Terms of Service & Data Attribution
Effective Date: 2026 Season
01. Intellectual Property & Data Usage
DynastyDash processes raw NFL data to generate proprietary, advanced metrics including, but not limited to, Leverage Adjusted Opportunity (LAO), Consistency Floor Deviation (CFD), First Read Share (FR%), Checkdown Rate (CHK%), and Designed Screen Share (DES%). The algorithmic formulas, machine learning models, and valuation curves utilized to produce these metrics remain the exclusive intellectual property of DynastyDash.
Safeguard Clause: You are granted a limited, personal license to view and utilize these insights for the management of your individual fantasy football leagues. Automated scraping, bulk downloading, reverse-engineering of our 10,000-point curve, or commercial redistribution of DynastyDash "Alpha" metrics is strictly prohibited without explicit written consent.
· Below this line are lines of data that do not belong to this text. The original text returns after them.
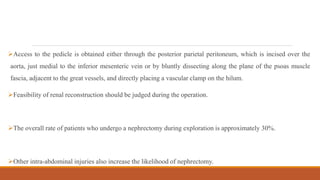 Access to the pedicle is obtained either through the posterior parietal peritoneum, which is incised over the
aorta, just medial to the inferior mesenteric vein or by bluntly dissecting along the plane of the psoas muscle
fascia, adjacent to the great vessels, and directly placing a vascular clamp on the hilum.
Feasibility of renal reconstruction should be judged during the operation.
The overall rate of patients who undergo a nephrectomy during exploration is approximately 30%.
Other intra-abdominal injuries also increase the likelihood of nephrectomy.
 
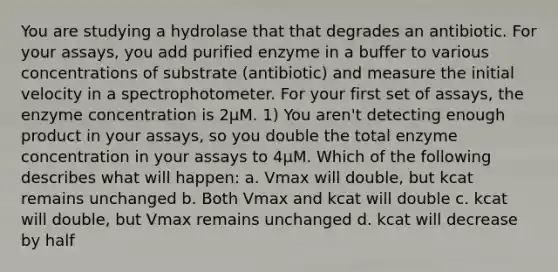 You are studying a hydrolase that that degrades an antibiotic. For your assays, you add purified enzyme in a buffer to various concentrations of substrate (antibiotic) and measure the initial velocity in a spectrophotometer. For your first set of assays, the enzyme concentration is 2µM. 1) You aren't detecting enough product in your assays, so you double the total enzyme concentration in your assays to 4µM. Which of the following describes what will happen: a. Vmax will double, but kcat remains unchanged b. Both Vmax and kcat will double c. kcat will double, but Vmax remains unchanged d. kcat will decrease by half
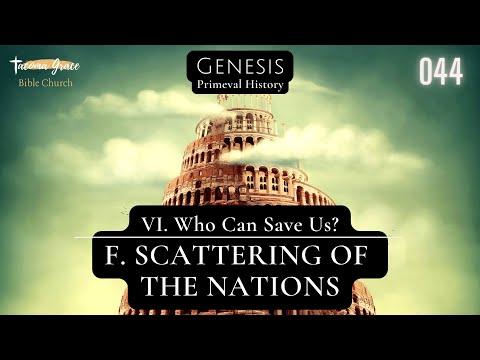 Scattering the Nations | Genesis 11:5-9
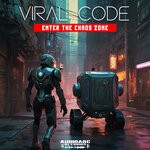 cover: Viral Code - Enter The Chaos Zone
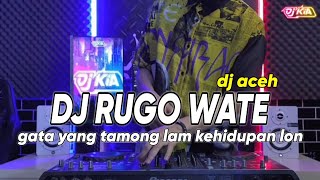 DJ RUGO WATE - GATA YANG TAMONG LAM KEHIDUPAN LON JUGLE DUTCH ACEH VIRAL TIKTOK TERBARU 2023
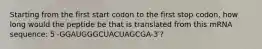 Starting from the first start codon to the first stop codon, how long would the peptide be that is translated from this mRNA sequence: 5′-GGAUGGGCUACUAGCGA-3′?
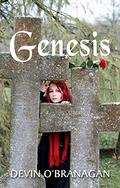 Genesis (The Legend of Glory #3) by Devin O'Branagan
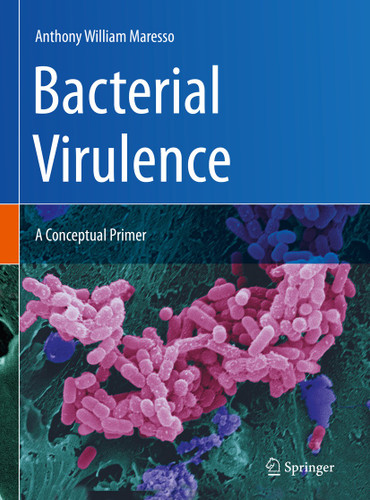 Bacterial Virulence: A Conceptual Primer book cover by Anthony William Maresso
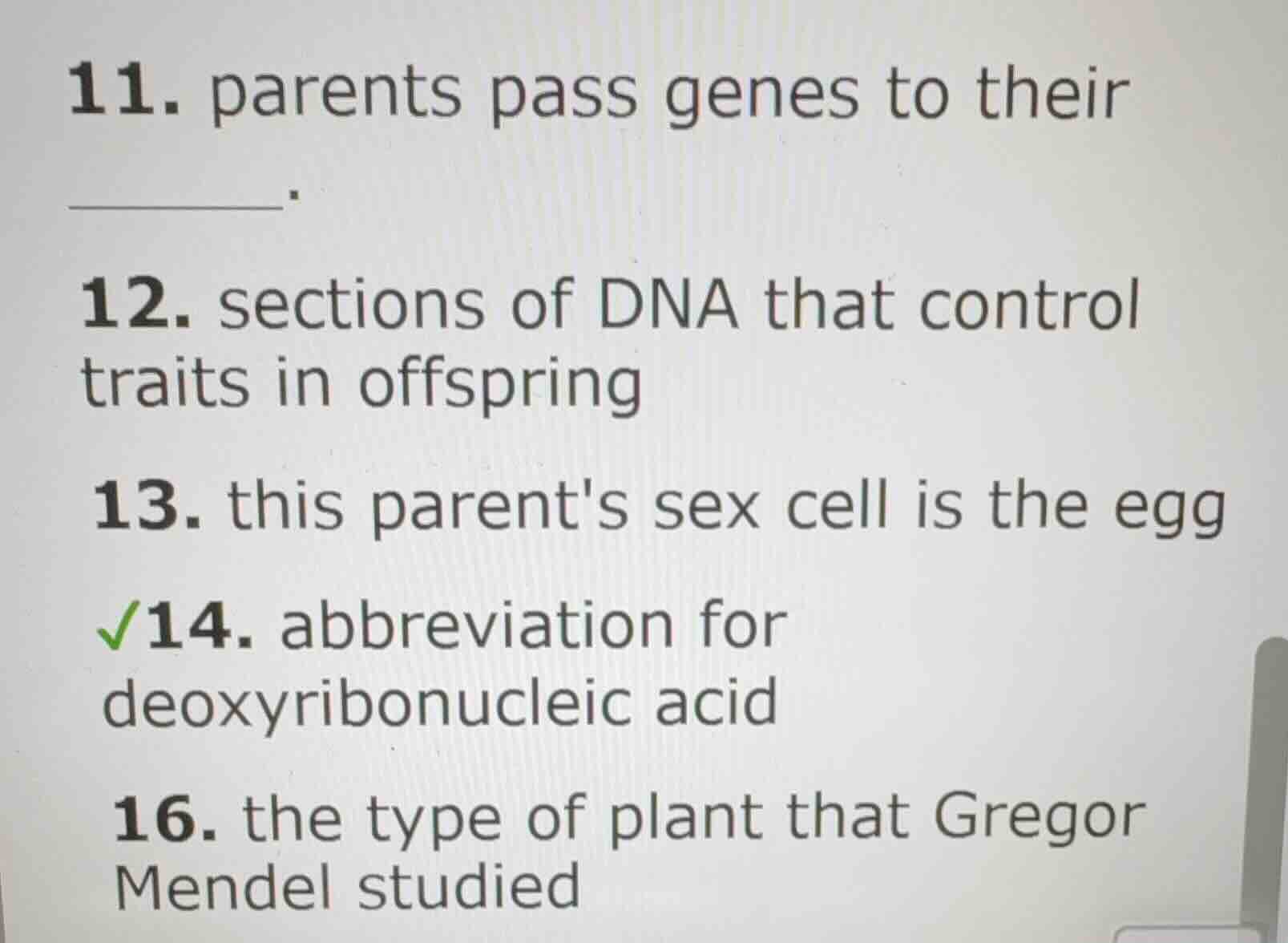 11. parents pass genes to their ______.12. sections of dna that control…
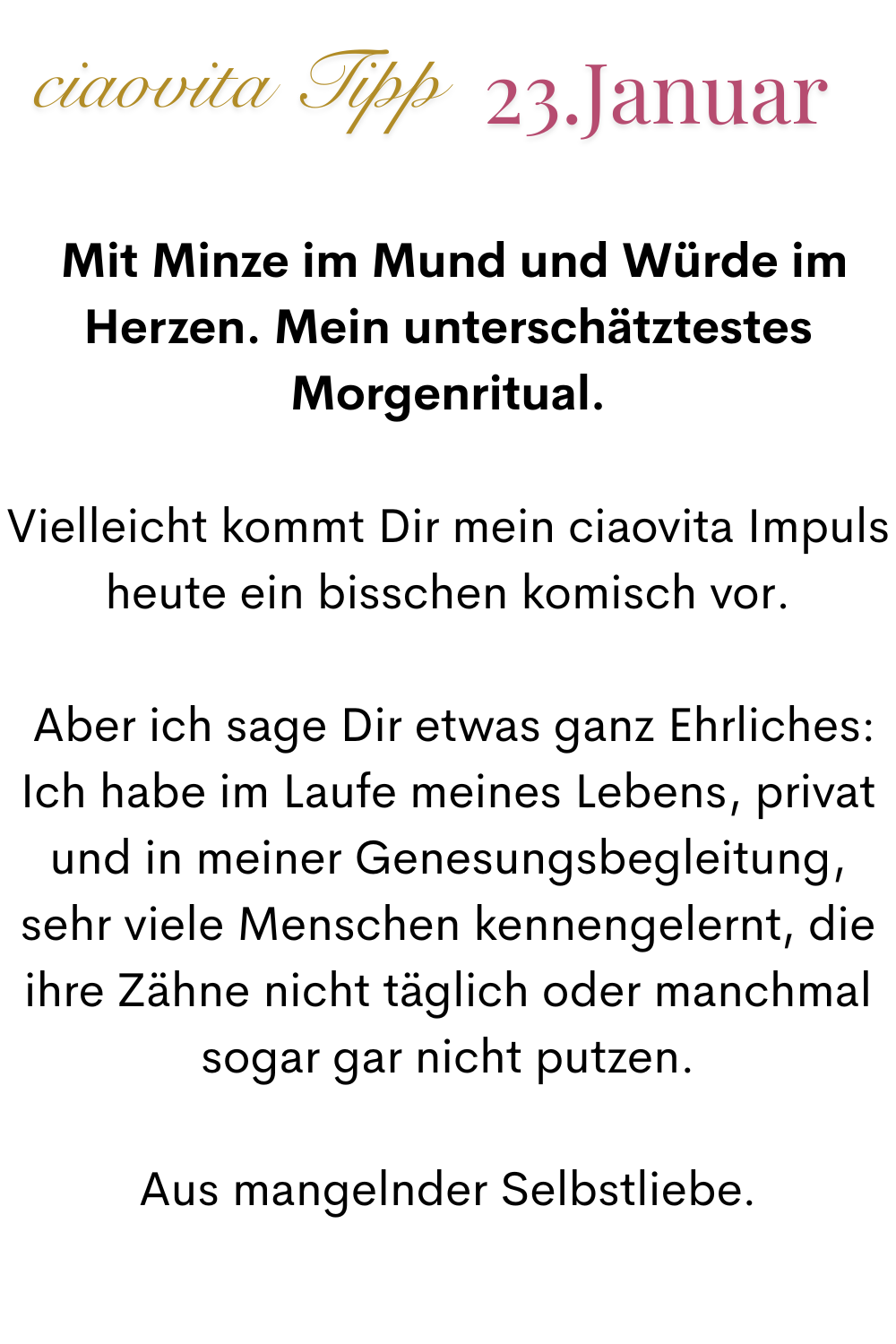 ciaovita Tipp, 23. Januar.
Mit Minze im Mund und Würde im Herzen. Mein unterschätztestes Morgenritual.
Vielleicht kommt Dir mein ciaovita Impuls heute ein bisschen komisch vor.
 Aber ich sage Dir etwas ganz Ehrliches:
Ich habe im Laufe meines Lebens, privat und in meiner Genesungsbegleitung, sehr viele Menschen kennengelernt, die ihre Zähne nicht täglich oder manchmal sogar gar nicht putzen.
Aus mangelnder Selbstliebe.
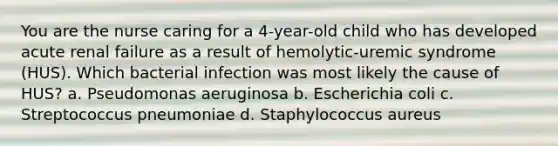 You are the nurse caring for a 4-year-old child who has developed acute renal failure as a result of hemolytic-uremic syndrome (HUS). Which bacterial infection was most likely the cause of HUS? a. Pseudomonas aeruginosa b. Escherichia coli c. Streptococcus pneumoniae d. Staphylococcus aureus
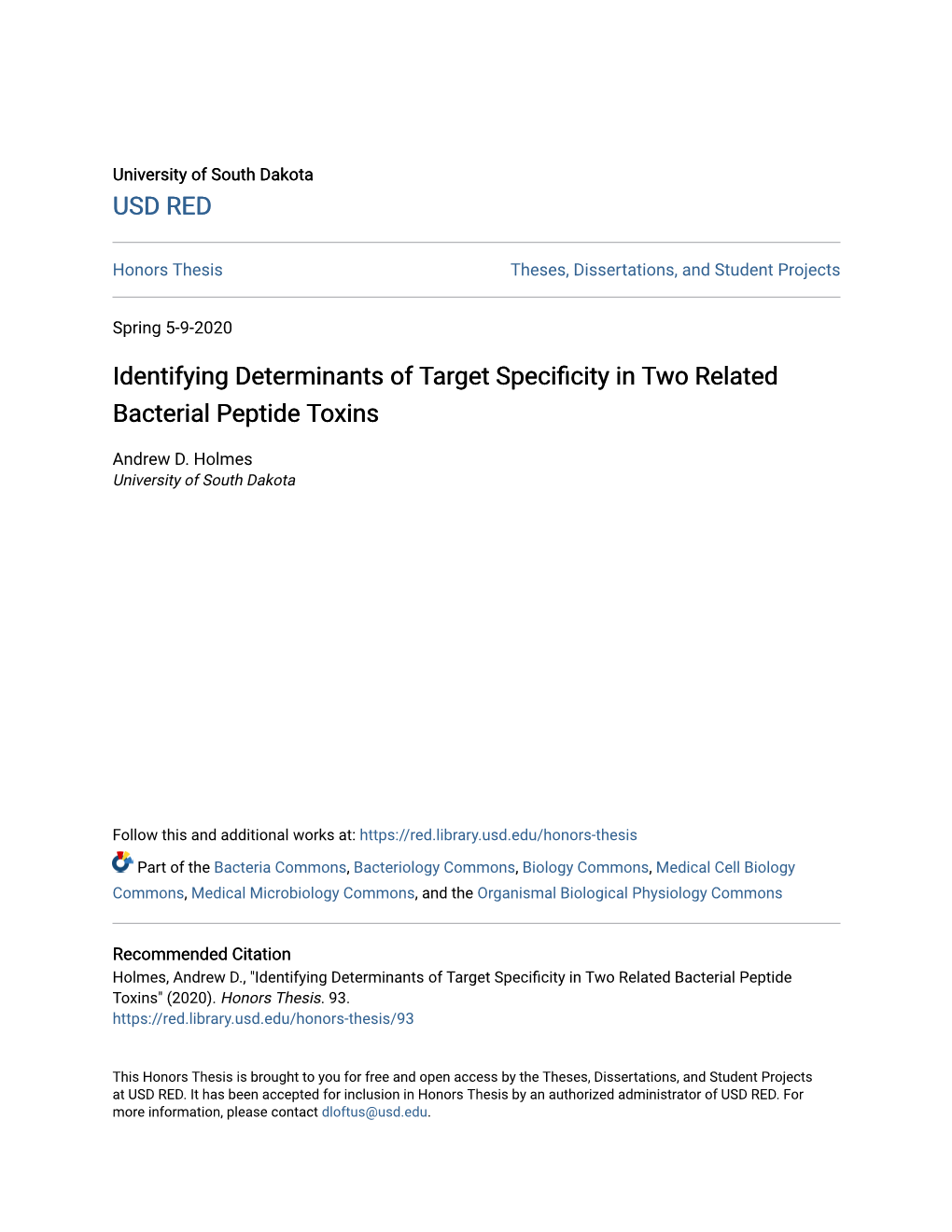 Identifying Determinants of Target Specificity in Two Related Bacterial Peptide Toxins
02. Open Source & API Attribution
DynastyDash functions as a highly specialized data orchestrator. Our backend Python pipelines heavily rely on the incredible work of the open-source sports analytics community. We proudly acknowledge and attribute the following providers:
NFLverse
We utilize NFLverse repositories to source our raw, play-by-play `.parquet` data, which serves as the foundational building block for our proprietary efficiency calculations.
FTN Data
Advanced charting components, such as designed screen tracking and explicit checkdown flagging, are made possible through structural data formats pioneered by FTN.
Sleeper API
DynastyDash is an independent application and is not affiliated with Sleeper. We utilize their public REST API to securely fetch user rosters, transactions, and league metadata.
Next Gen Stats (NFL)
Metrics utilizing advanced player tracking data, specifically Rushing Yards Over Expected (RYOE), are processed using official Next Gen Stats frameworks.
03. Limitation of Financial Liability
Fantasy football inherently involves variance, injuries, unpredictable human elements, and often, monetary stakes. DynastyDash is an analytical tool designed to provide data-driven probabilities, not absolute guarantees.